November 02, 2015 01:40 am | Updated 01:40 am IST

After 35 years, >China is set to change its one-child policy , allowing all couples to have at most two children. Since its introduction in 1980 with the aim of slowing population growth in the world’s most populous country, an estimated 400 million births have been prevented in China. From 5.5 births per woman in 1970, the country’s fertility rate is now well below the replacement level of 2.1. The policy also led to countless forced abortions, maternal and child deaths, untold trauma especially to mothers, and one of the world’s most skewed sex ratios. Yet, it is difficult to offer unqualified praise for China’s decision. For one, the limit on family size has simply moved from one child to two children, and coercive restrictions on what should be a private decision remain. Second, the decision has been taken in response to the decline in China’s working population relative to its elderly population. China’s dependancy ratio — the ratio of children and elderly to its working age population — has declined from 63.4 in 1950 to 34.5 in 2010, as against 56.3 for India, meaning far fewer working people support a far larger number of dependants. All countries will move through cycles of demographic dividends followed by rapid ageing, and must plan for their own unique challenges without intervening in family lives to engineer change.

India too has had its experiments with state coercion in limiting family size.
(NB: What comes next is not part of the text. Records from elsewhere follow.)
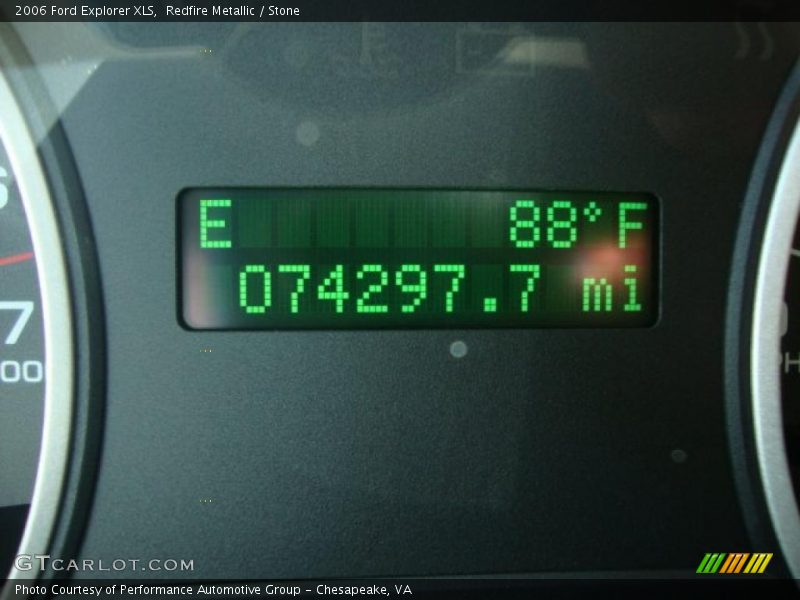 Redfire Metallic / Stone 2006 Ford Explorer XLS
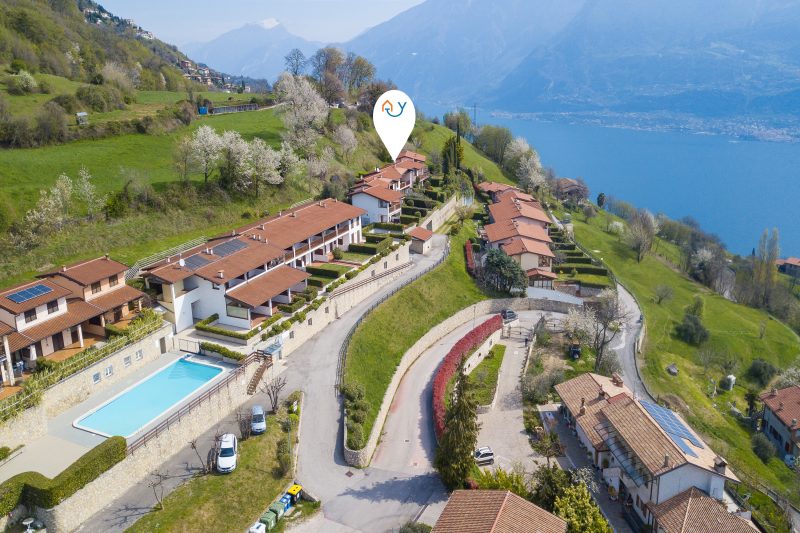Balcone sul Lago - Apartment with Amazing View Terrace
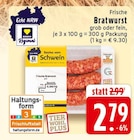 Frische Bratwurst bei EDEKA im Prospekt "" für 2,79 €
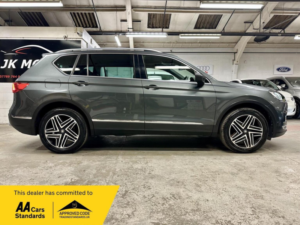 2020 SEAT Tarraco 1.5 Tsi Evo Xcellence DSG Euro 6 (s/s) 5dr in Grey — image 6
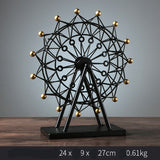 Retro Small Ornaments Phonograph Home Living Room European Style Clothing Coffee Shop Decorations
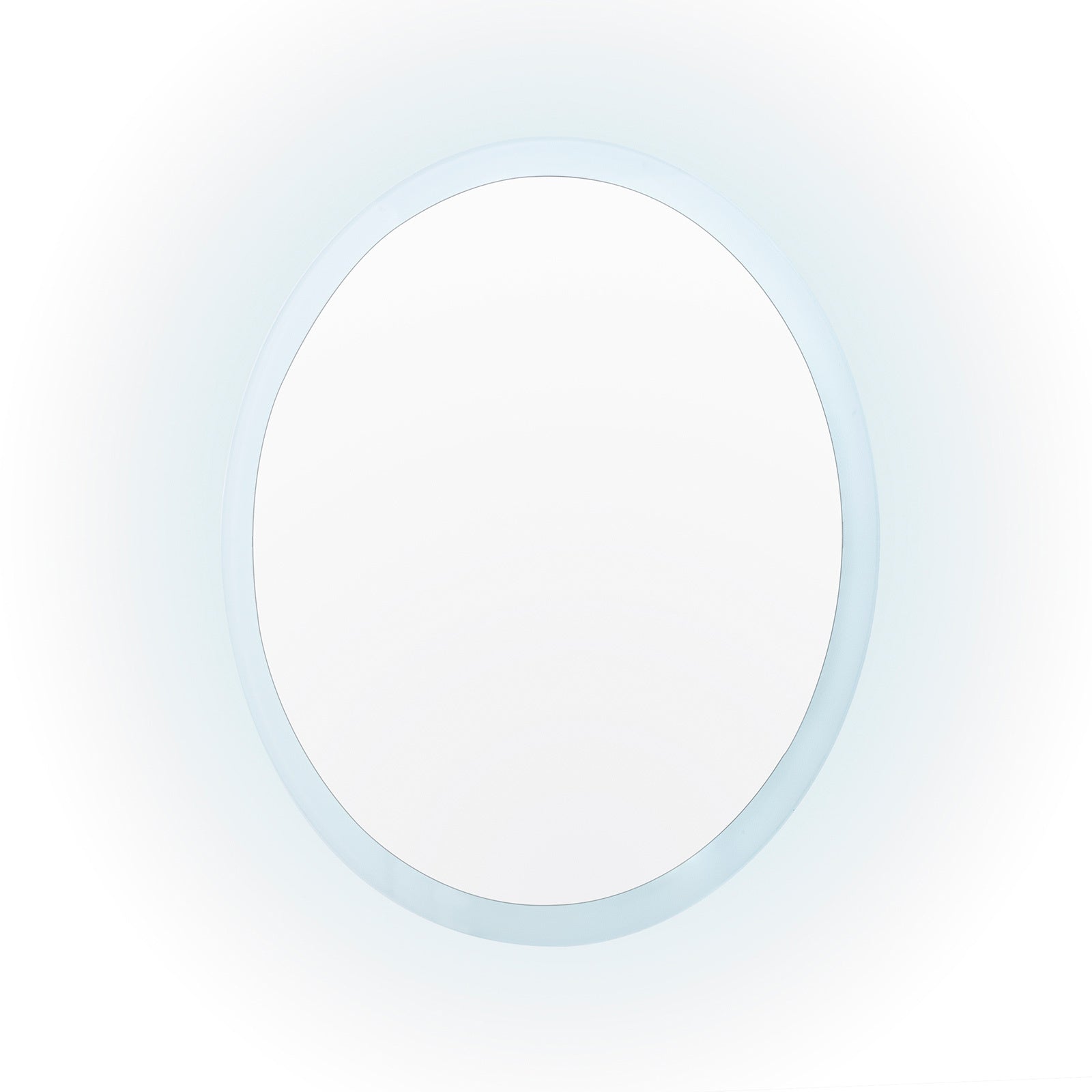 LED Wall Mirror Round Anti-Fog Bathroom 70cm V274-FT-BM-LEDR-70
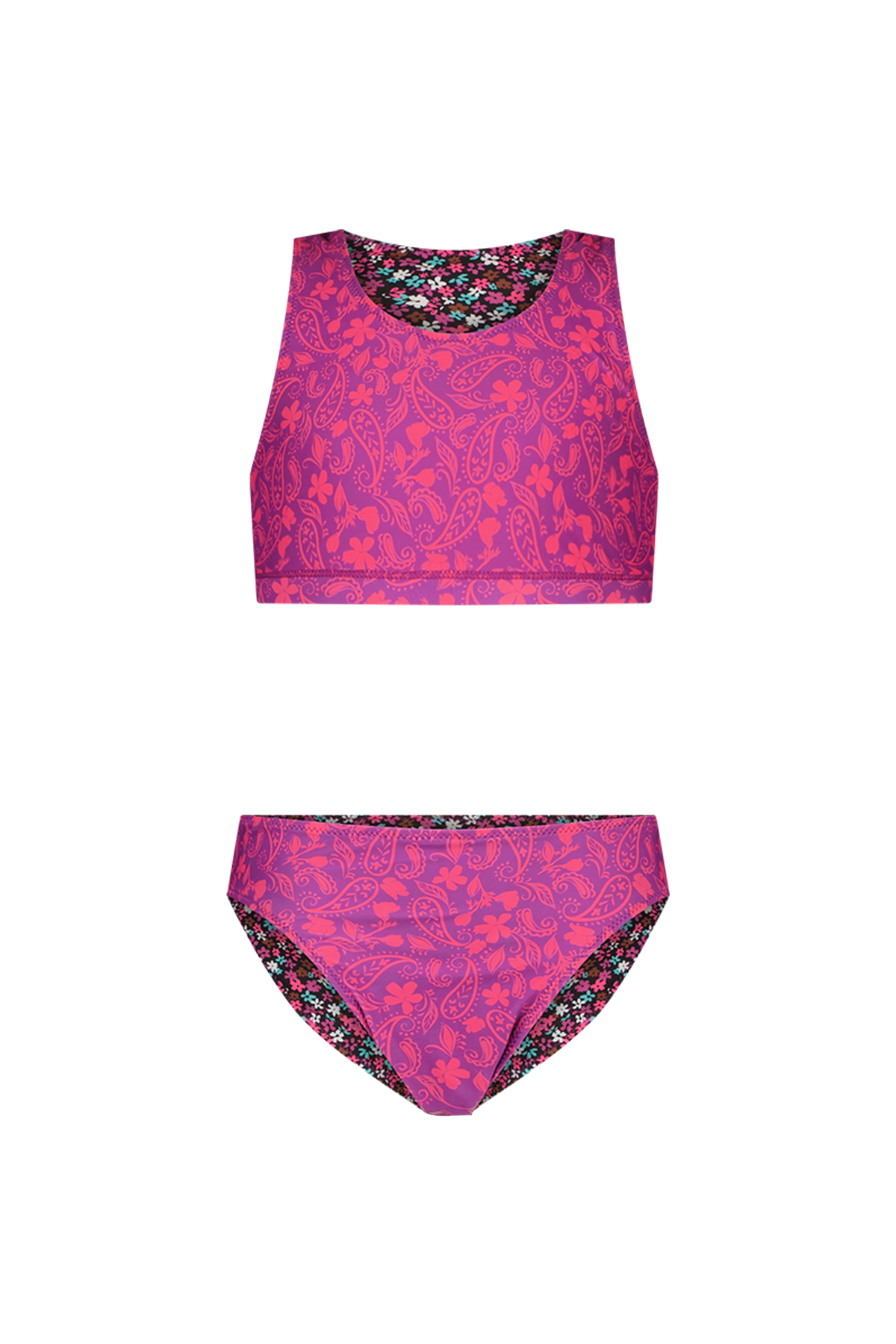 Inside out Just Beach girls bikini Flower field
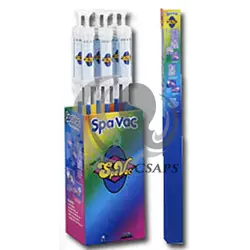 Spa Vac, Case of 6 with Display - Spa Vac boite de 6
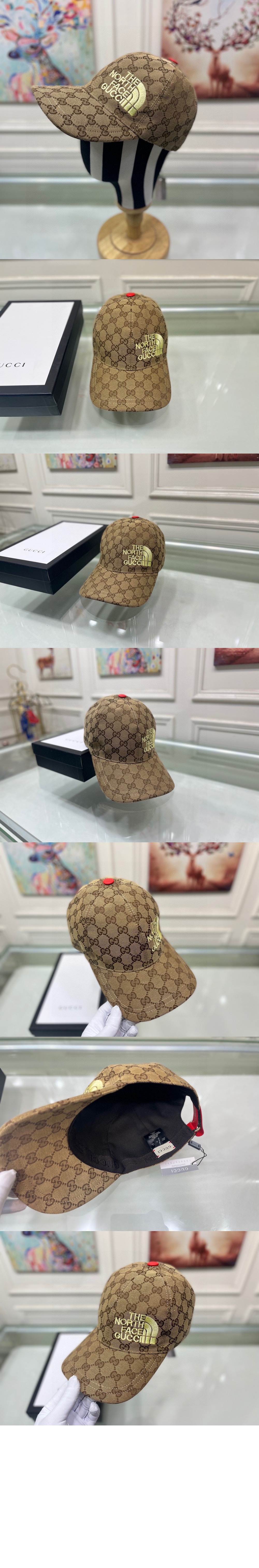 GG 캔버스 베이스볼 캡 672155 > 구찌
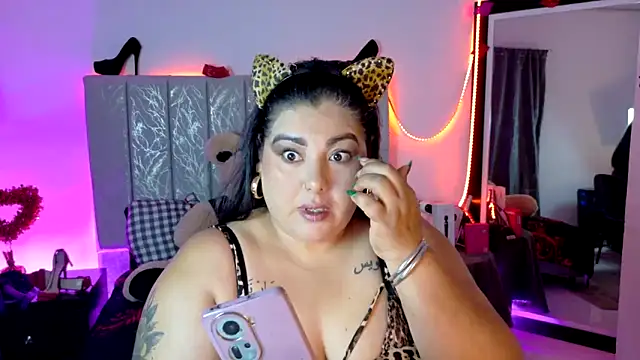 AndreaKinky online show from 03.10.26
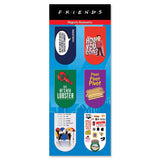 Friends TV Series -New Pack of 6 Magnetic Bookmarks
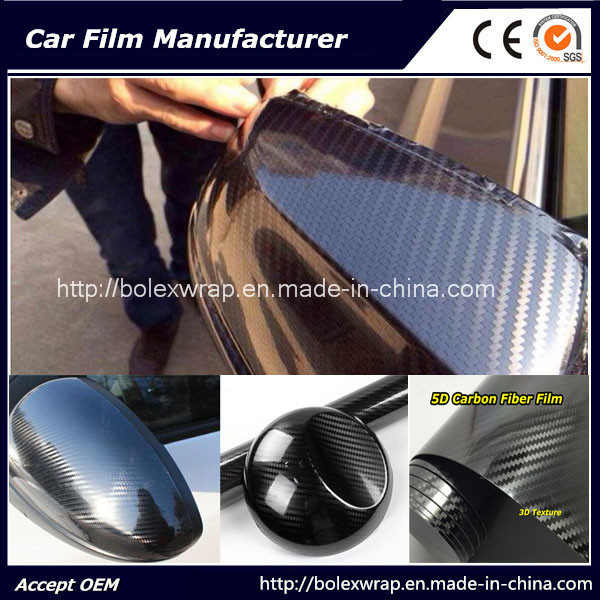 5D Carbon Fiber Film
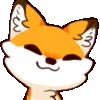 😊 Эмодзи «Vicksy fox 🦊» для Telegram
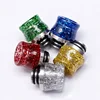 MeeTee Electronic Cigarette Mouthpiece Resin Drip Tips mouthpiece H-J276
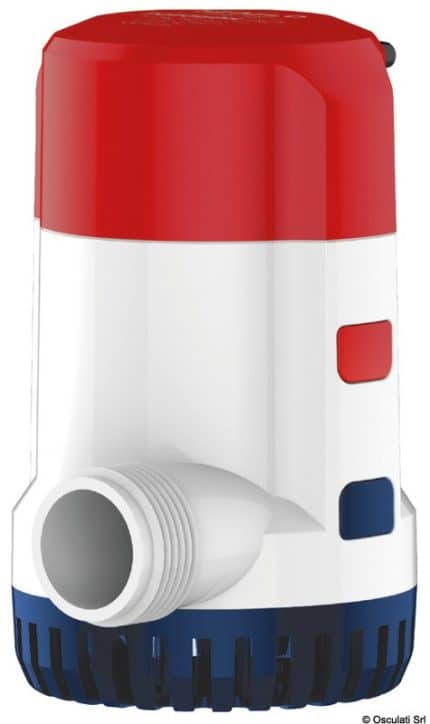 Pompe électrique Europump Next Gen G 2000 24V, code 16.129.10, pour applications marines.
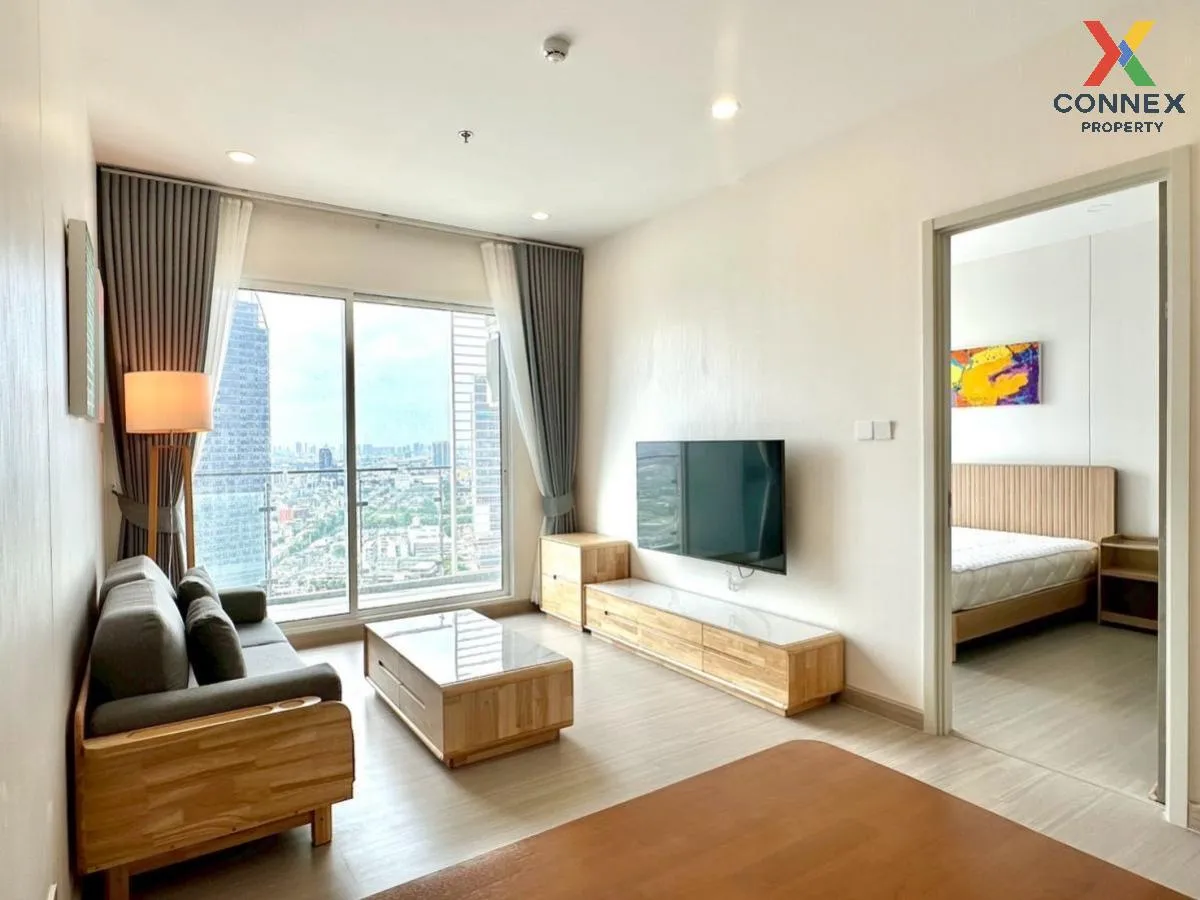 For Rent Condo , Supalai Premier Si Phraya-Samyan , MRT-Sam Yan , 2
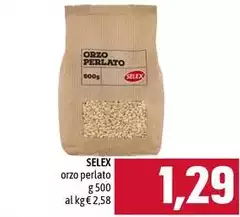 Selex - Orzo Perlato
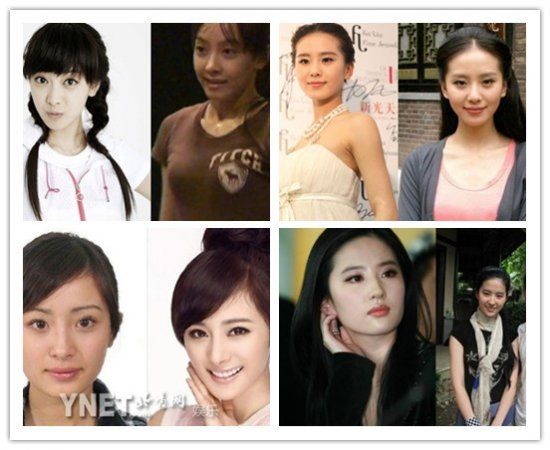 美女明星素颜见真相,许多女明星在电视海报上看起来非常美丽,那都是化妆之后的效果,有可能卸妆之后你还不一定能认出来。angelababy,杨幂,刘诗诗,唐嫣,宋茜,刘亦菲等等,看过她们生活中的真面目,谁才是真正的素颜女神。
Undoubtedly the worst of these were the horrific violations during the Emergency, when Sanjay Gandhi spearheaded a sterilisation campaign that included carting off thousands of men against their wishes to camps, where many died. In the late-1990s and early-2000s, 11 States enacted laws restricting eligibility in local body elections to persons with two or fewer children; research shows that this move did have the impact of lowering family sizes in the general population, but it also worsened the sex ratio. India’s push for female sterilisation as the preferred means of family planning, with “targets” set for field workers, financial incentives and limited information for the impoverished women undergoing these surgical procedures, often nudges sterilisation drives from voluntary into coercive territory. None of these methods will work without high human costs, that the poorest should not be paying. Every country in the world, and India’s southern States, lowered fertility rates without state coercion but as an immediate effect of education for women, better access to health, and rising incomes. Right-wing organisations in India even today raise the bogey of the Muslim population explosion, despite all evidence to the contrary, and have made a case for forced family planning. China — and India’s latent fascists — would do well to abandon forced limits on family size, and allow human progress to chart its natural course.